Obviously, Yamaha has yet to release any info about the V4, but you can be sure it will be a 90-degree V4, or perhaps an 86-degree V4, like KTM’s RC16. This was as far as KTM could go without losing the engine’s vital primary balance, while at the same time shortening the engine by few millimetres to help chassis designers package the whole machine, because V4s aren’t easy to package.
Mat Oxley: Yamaha is now working in two different directions – continuing with the inline-four, while also building a V4, so you must be thinking in two different ways.

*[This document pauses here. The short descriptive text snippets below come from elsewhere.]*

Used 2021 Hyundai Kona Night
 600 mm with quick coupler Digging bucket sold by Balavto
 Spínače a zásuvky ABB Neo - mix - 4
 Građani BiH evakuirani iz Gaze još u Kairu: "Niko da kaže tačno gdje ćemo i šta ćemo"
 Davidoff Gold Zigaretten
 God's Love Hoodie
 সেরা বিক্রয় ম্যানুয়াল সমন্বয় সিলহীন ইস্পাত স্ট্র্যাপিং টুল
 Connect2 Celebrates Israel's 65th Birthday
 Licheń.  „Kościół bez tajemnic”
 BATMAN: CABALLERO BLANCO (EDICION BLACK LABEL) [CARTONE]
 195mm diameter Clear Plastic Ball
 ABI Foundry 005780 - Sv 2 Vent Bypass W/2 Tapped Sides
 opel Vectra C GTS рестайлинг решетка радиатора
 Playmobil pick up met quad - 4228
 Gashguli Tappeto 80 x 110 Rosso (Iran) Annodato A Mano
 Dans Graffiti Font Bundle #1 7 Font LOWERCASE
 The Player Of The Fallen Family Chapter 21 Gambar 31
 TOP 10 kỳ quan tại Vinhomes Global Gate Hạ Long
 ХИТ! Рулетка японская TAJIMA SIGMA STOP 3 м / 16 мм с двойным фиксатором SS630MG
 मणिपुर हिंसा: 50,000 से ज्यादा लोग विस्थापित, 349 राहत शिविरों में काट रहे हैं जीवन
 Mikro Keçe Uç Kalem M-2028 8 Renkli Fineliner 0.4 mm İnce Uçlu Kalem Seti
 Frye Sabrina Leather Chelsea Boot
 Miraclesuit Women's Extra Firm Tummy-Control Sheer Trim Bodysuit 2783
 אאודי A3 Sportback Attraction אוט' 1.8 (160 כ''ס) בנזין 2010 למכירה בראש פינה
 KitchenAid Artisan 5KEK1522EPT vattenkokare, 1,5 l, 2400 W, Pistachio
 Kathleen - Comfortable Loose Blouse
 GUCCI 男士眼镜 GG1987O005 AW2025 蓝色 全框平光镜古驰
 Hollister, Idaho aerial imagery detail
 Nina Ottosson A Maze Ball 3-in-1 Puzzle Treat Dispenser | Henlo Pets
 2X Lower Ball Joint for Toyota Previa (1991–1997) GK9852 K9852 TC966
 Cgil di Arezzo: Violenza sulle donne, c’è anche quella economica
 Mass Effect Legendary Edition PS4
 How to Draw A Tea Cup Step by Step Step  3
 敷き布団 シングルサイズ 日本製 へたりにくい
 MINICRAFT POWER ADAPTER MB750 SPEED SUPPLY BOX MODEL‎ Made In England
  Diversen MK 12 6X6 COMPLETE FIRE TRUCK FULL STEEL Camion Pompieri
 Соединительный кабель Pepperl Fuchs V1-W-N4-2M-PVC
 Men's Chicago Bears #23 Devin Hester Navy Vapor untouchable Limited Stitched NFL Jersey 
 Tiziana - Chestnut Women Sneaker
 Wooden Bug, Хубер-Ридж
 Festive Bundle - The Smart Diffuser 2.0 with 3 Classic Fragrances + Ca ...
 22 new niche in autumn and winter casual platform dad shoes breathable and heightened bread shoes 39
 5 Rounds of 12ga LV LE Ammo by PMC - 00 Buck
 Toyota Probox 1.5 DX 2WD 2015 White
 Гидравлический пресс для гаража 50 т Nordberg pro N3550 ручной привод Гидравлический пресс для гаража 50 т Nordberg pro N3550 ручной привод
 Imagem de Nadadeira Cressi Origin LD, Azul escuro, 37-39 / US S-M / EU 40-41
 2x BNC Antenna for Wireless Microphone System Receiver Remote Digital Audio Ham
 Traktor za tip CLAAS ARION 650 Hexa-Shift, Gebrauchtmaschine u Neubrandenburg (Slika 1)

Max Bartolini: “Yes, we have to think in two different ways. I think the engine is the least difficult part of building a V4 bike. It’s difficult, but an engine is an engine, and we will find a way to make the engine work. To build the bike around the engine is the difficult part.
“If you want to make the tyres work you need to go in the same direction [as the other manufacturers]. The V4 layout will itself bring the bike in that direction, whereas the inline-four engine needs to find its own way to go in that direction.
“We also have to consider aero. If you have a wider bike [inline-four engines make wider motorcycles because they are four cylinders wide, not two] you clearly have to develop your aero along the wheelbase of the bike [longitudinally]. If you have a narrow bike you can go sideways [laterally] with the aero. And if you need to generate downforce at high lean angles you need to make your aero on the side of the bike, not along the wheelbase, so with a wide bike [an inline-four] you need to make [aero] compromises.
There are many reasons you decided to build a V4 – one of them must be that inline-fours use U-shaped cornering lines, while V4s use V-shaped lines, which makes it very difficult for an inline-four to fight with V4s…
“As you say, ‘V’ bikes work in a different way. You also need to think that when we think about ‘V’ bikes, we think mostly about Ducati, because this is the best ‘V’ bike. And the Ducati never really carries corner speed in a natural turning way.
“I don’t know if it’s possible to make a four-inline work like that, but again I think this is mostly due to the tyres. I don’t know if the riders could go as fast as they do now if they rode in a corner-speed way. And I think if you found a way to make a four-inline bike use the tyres you’d probably end up in similar cornering style, a V shape.
“But also we need to consider that the Honda is a V4 that wasn’t built to carry corner speed, but they still struggle, so it’s not the case that making a V4 will help us to be easily competitive.
“Last season we did get a little closer to the others. Maybe at the start we were last, together with Honda, but then we got closer, until we were more or less in line with the others, apart from Ducati, who are clearly one step ahead of everybody else, so building a V4 won’t automatically make us competitive. Yamaha is clear: we need to make a faster package and if for some reason the V4 is slower than the four-inline, we will stick with the four-inline.”
Someone told me you will test the V4 for the first time at Sepang in December…
“That seems to be optimistic [laughs]. Yeah, that would be wonderful but there’s nothing certain we can say at the moment.”
In the old days, engineers talked about chassis geometry when they talked about turning, then it was chassis stiffness, now it’s all about using front downforce to help the bike turn…
“First, I think that the chassis and other old-style factors are still important in making the bike turn. When we talk about downforce aerodynamics, it’s the first thing that’s been put on bikes that add an external force.